START Data records

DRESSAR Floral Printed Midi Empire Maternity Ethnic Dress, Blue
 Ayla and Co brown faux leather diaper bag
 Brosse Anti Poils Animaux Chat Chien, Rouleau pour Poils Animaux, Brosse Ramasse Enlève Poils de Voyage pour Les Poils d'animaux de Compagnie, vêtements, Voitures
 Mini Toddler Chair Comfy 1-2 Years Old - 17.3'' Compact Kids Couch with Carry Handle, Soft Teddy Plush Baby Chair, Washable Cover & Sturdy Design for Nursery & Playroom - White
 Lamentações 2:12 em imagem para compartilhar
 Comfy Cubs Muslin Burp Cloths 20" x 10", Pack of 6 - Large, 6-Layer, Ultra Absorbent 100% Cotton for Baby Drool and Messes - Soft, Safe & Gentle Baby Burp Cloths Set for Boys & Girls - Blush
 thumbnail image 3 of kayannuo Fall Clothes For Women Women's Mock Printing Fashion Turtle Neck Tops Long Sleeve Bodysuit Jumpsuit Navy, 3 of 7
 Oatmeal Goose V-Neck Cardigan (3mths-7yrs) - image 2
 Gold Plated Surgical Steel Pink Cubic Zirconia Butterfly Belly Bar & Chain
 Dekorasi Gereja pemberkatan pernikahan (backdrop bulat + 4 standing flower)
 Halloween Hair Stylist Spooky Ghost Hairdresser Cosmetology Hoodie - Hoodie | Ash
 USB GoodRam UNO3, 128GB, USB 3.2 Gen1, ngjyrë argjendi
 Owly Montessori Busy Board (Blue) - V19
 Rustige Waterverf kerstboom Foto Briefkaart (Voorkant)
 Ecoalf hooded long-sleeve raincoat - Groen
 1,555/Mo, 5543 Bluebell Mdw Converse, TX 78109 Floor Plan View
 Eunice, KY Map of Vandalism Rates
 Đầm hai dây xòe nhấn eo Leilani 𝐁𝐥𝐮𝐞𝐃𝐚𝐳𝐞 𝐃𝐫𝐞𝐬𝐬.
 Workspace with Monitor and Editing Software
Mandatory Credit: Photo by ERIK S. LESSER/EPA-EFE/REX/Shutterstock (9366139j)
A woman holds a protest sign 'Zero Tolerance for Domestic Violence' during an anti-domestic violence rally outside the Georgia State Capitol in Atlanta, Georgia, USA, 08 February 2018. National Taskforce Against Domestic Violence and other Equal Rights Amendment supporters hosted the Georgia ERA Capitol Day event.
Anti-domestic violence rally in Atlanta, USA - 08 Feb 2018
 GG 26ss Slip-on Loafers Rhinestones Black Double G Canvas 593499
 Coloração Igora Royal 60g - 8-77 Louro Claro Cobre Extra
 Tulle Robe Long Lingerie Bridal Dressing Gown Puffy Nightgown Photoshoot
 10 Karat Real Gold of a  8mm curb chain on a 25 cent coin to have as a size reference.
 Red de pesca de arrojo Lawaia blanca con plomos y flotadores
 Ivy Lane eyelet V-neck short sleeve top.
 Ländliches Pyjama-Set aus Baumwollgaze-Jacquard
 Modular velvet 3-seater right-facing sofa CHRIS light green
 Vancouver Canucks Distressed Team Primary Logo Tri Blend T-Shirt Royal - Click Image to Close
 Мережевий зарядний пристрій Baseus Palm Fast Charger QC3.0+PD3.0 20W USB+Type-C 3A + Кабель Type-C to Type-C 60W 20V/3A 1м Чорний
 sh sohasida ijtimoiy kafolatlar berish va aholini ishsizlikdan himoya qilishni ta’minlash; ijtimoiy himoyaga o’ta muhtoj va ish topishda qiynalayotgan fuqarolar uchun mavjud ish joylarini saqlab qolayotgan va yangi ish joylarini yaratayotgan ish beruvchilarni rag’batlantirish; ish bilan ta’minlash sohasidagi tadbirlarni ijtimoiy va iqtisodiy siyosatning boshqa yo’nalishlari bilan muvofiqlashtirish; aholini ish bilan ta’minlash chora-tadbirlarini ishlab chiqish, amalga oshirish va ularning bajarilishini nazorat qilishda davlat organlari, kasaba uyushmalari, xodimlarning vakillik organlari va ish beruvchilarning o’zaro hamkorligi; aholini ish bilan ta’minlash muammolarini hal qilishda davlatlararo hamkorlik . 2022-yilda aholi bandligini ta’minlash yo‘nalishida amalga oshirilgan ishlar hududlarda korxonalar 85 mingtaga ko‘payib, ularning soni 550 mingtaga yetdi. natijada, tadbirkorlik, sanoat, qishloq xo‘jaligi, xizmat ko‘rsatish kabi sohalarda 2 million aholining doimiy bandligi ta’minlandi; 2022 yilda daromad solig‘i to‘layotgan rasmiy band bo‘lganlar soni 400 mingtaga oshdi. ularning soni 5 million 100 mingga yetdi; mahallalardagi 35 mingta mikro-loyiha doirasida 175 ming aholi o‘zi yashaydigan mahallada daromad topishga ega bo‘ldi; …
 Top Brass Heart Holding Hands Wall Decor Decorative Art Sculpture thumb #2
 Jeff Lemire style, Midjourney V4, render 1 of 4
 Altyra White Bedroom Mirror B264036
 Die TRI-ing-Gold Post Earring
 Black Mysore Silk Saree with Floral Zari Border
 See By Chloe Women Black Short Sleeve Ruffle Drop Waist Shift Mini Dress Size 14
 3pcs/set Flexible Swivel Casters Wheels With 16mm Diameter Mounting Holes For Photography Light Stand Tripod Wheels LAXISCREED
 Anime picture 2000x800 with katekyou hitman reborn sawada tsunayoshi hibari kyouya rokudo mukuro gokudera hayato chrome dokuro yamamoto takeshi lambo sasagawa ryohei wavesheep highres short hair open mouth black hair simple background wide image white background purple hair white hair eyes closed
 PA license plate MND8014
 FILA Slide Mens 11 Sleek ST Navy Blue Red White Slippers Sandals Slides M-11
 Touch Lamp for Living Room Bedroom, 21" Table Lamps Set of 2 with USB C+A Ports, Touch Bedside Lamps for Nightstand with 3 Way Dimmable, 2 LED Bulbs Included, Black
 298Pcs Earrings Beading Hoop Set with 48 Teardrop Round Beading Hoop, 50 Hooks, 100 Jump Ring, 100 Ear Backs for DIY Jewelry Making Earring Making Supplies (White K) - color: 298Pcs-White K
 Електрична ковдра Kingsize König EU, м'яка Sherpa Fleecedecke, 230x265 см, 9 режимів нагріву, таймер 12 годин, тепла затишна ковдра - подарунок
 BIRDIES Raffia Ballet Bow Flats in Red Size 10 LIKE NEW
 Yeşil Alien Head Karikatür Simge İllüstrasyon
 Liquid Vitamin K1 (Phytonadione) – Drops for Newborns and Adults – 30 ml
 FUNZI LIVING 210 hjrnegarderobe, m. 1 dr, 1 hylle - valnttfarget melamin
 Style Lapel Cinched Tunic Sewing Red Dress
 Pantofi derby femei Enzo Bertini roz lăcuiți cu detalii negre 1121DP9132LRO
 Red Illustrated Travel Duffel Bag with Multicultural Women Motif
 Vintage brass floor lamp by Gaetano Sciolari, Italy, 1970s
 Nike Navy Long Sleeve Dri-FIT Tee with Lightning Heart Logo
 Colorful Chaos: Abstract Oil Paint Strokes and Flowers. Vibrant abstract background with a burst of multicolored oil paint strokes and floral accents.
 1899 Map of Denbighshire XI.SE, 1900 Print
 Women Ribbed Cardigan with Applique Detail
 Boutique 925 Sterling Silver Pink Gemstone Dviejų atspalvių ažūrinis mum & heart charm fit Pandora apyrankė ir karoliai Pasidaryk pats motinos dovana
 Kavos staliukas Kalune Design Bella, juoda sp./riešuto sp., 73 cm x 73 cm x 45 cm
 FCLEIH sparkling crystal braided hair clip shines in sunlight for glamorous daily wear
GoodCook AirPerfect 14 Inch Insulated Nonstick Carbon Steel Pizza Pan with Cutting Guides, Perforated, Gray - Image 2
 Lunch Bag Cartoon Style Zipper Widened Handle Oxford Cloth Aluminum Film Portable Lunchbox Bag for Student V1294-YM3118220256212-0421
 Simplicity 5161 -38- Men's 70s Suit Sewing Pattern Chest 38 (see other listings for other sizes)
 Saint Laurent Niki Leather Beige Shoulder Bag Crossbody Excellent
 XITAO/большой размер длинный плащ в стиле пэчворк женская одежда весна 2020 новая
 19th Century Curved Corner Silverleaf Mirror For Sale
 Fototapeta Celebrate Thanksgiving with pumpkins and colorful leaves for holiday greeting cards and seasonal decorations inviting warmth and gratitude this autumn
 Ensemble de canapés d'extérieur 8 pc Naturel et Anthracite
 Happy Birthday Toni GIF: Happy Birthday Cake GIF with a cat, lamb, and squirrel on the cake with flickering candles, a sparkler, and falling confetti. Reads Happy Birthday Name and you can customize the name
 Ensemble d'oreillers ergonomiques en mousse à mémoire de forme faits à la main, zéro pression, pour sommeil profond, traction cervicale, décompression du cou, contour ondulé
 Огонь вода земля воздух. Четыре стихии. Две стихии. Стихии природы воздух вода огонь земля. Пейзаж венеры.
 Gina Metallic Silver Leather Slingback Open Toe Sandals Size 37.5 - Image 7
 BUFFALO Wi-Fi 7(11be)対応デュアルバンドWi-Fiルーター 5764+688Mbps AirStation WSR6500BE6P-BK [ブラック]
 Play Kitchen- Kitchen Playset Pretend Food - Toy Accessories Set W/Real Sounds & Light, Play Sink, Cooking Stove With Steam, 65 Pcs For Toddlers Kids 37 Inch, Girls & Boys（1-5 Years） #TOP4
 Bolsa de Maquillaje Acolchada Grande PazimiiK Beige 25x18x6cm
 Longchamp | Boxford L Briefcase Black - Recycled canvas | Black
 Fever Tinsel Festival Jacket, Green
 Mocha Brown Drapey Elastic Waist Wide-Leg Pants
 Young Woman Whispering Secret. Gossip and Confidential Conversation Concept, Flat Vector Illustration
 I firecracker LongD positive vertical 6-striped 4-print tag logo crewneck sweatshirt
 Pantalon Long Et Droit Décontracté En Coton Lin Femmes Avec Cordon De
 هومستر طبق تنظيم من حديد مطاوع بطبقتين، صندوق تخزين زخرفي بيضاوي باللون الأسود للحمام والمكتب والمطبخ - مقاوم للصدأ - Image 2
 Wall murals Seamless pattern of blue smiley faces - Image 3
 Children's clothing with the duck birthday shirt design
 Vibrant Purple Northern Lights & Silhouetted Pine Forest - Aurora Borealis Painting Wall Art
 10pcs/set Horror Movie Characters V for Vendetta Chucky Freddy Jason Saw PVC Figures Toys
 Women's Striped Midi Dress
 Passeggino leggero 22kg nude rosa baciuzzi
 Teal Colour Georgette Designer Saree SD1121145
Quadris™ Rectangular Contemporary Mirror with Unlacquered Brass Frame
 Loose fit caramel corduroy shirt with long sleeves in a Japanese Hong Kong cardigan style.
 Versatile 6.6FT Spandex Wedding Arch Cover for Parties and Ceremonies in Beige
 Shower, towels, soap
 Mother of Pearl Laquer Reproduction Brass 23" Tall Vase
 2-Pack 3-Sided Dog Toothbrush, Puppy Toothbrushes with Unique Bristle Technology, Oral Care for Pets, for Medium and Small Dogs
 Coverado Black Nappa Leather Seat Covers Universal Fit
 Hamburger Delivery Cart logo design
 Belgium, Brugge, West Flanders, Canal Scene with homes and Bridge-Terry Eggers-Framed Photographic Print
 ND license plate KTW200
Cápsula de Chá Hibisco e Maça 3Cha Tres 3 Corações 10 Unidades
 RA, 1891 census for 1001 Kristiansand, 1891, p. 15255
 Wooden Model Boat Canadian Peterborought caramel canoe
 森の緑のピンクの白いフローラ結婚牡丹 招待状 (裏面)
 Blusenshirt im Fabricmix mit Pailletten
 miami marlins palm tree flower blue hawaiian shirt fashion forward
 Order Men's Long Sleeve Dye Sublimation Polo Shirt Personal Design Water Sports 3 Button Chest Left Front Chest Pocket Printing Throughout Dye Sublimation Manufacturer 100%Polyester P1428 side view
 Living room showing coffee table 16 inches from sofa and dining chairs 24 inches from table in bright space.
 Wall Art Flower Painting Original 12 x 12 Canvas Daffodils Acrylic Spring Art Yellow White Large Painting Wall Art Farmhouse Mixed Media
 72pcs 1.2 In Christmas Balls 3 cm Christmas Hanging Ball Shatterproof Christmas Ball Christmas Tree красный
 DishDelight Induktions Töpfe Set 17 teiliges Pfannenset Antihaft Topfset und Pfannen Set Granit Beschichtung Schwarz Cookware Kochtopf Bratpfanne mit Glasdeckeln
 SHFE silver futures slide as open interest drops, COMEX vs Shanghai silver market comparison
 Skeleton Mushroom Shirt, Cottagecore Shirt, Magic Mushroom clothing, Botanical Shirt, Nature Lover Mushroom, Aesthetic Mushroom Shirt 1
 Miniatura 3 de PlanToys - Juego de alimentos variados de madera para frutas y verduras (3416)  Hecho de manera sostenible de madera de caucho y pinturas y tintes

END Data records

» Directions for this task: Print exactly the lines above, between the one holding "Children's clothing with" and the one holding "Mother of Pearl", inclusive, and nothing besides.

» Solution for this task:
 Children's clothing with the duck birthday shirt design
 Vibrant Purple Northern Lights & Silhouetted Pine Forest - Aurora Borealis Painting Wall Art
 10pcs/set Horror Movie Characters V for Vendetta Chucky Freddy Jason Saw PVC Figures Toys
 Women's Striped Midi Dress
 Passeggino leggero 22kg nude rosa baciuzzi
 Teal Colour Georgette Designer Saree SD1121145
Quadris™ Rectangular Contemporary Mirror with Unlacquered Brass Frame
 Loose fit caramel corduroy shirt with long sleeves in a Japanese Hong Kong cardigan style.
 Versatile 6.6FT Spandex Wedding Arch Cover for Parties and Ceremonies in Beige
 Shower, towels, soap
 Mother of Pearl Laquer Reproduction Brass 23" Tall Vase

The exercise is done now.